I love Schnabel. He is my favorite in Beethoven overall and certainly has one of the best interpretations of Op 109. I also like Richter in Leipzig and Arrau. I often end up listning to one of those recordings.


----------



## Beebert (Jan 3, 2019)

Highwayman said:


> Some of my favourites which are not on the list: Waldstein, Les Adieux, op. 101, D. 784, D. 845, D. 958, Brahms 3, Ives 2 and some Medtner. I would have named some other favourites by Beethoven and Schubert but that would be a pretty long list that way.


I am glad to see that some mention D 845. I find it to be a great sonata. I wonder why it is not ranked higher here on TC's ranked lists?


----------



## Eclectic Al (Apr 23, 2020)

I have a 2CD set of the Scriabin sonatas (Ashkenazy) and the 2nd CD is 6-10. I love listening to them as though they are one piece.


----------



## Eclectic Al (Apr 23, 2020)

Highwayman said:


> Some of my favourites which are not on the list: Waldstein, Les Adieux, op. 101, D. 784, D. 845, D. 958, Brahms 3, Ives 2 and some Medtner. I would have named some other favourites by Beethoven and Schubert but that would be a pretty long list that way.


I love the Gilels CD with Waldstein, Les Adieux and Appassionata. All great, and great performances.


----------



## Couchie (Dec 9, 2010)

All 555 Scarlatti Sonatas, played at the same time.


----------



## hammeredklavier (Feb 18, 2018)

Couchie said:


> All 555 Scarlatti Sonatas, played at the same time.


they sound like the music of "666", with lots of tritones


----------



## Allegro Con Brio (Jan 3, 2020)

Couchie said:


> All 555 Scarlatti Sonatas, played at the same time.


This seriously sounds like something someone like Xenakis would write.
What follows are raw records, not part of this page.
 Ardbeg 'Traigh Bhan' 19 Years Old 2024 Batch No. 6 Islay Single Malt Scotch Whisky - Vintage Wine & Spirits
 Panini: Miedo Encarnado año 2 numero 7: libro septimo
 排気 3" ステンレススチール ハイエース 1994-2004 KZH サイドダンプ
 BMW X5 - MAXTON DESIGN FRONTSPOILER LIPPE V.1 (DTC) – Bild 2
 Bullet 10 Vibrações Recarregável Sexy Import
An avant-garde masterpiece! And the ending with everything dying away, concluding with that lone tune, is strangely beautiful!


----------



## consuono (Mar 27, 2020)

Allegro Con Brio said:


> This seriously sounds like something someone like Xenakis would write. An avant-garde masterpiece! And the ending with everything dying away, concluding with that lone tune, is strangely beautiful!
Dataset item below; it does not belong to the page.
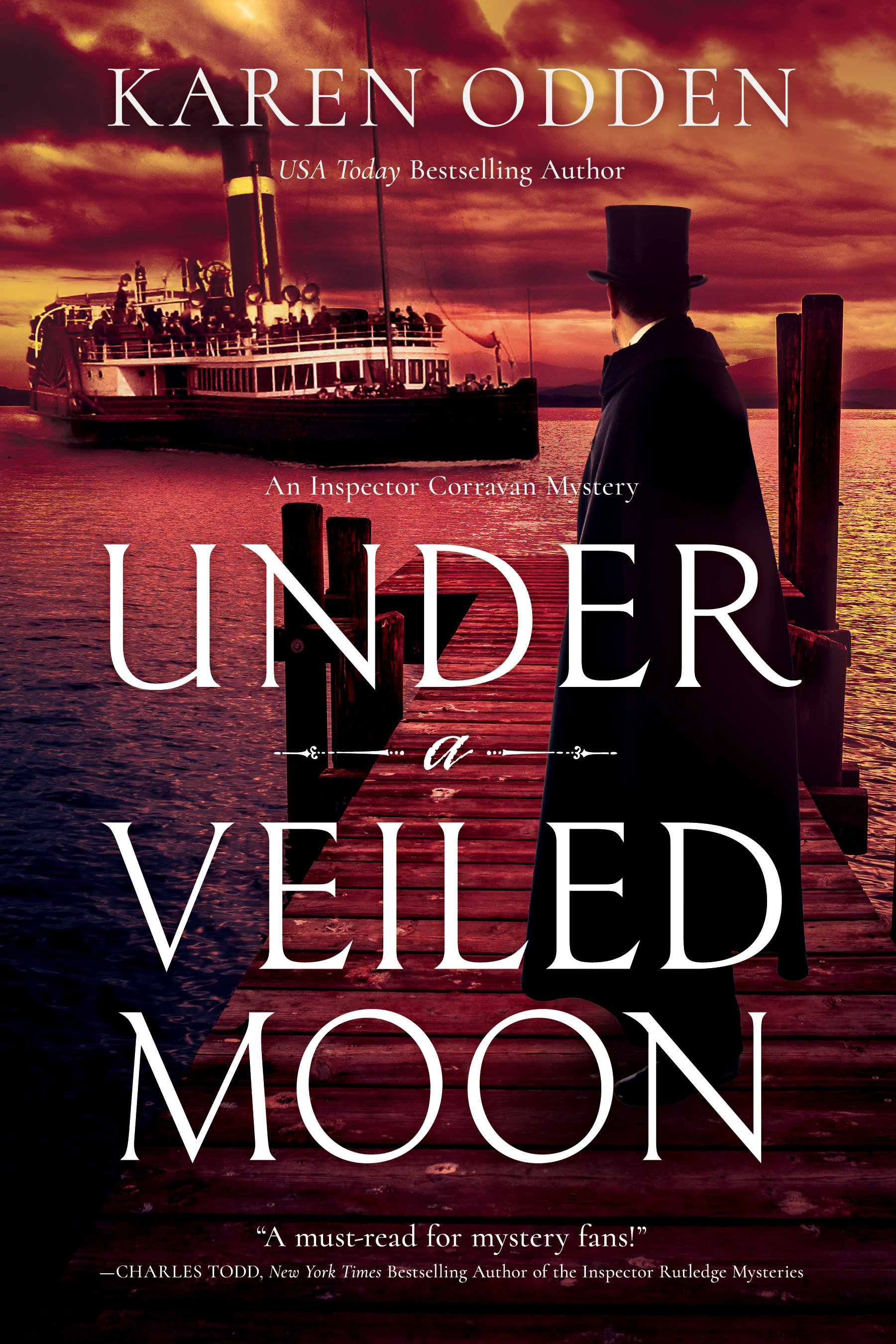 Under A Veiled Moon (Hardcover Book)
It sounds like a musical (or sonic) representation of the big bang theory. Or maybe it could be called "Genesis 1".


----------



## flamencosketches (Jan 4, 2019)

Beethoven op.109 & op.111; Chopin op.58; Schubert D960; Liszt B minor. Lame choices perhaps, but these are the ones for me. If Prokofiev's 8th was on there (why is it not?! It's clearly the best of the War sonatas ) that would get my vote too.


----------



## Phil loves classical (Feb 8, 2017)

The one I'm most addicted to is Prokofiev's 7th, and I never get tired of. The Scriabin 5 is also getting there. Of Beethoven's, i like his Les Adieux and Op 109.


----------



## flamencosketches (Jan 4, 2019)

I forgot to mention in my post Scriabin's 5th. A truly transcendental work. I have numerous recordings of it and they all show me something different. Scriabin is overall one of the greatest writers of piano sonatas, behind Prokofiev, Schubert & Beethoven.


----------



## Beebert (Jan 3, 2019)

flamencosketches said:


> I forgot to mention in my post Scriabin's 5th. A truly transcendental work. I have numerous recordings of it and they all show me something different. Scriabin is overall one of the greatest writers of piano sonatas, behind Prokofiev, Schubert & Beethoven.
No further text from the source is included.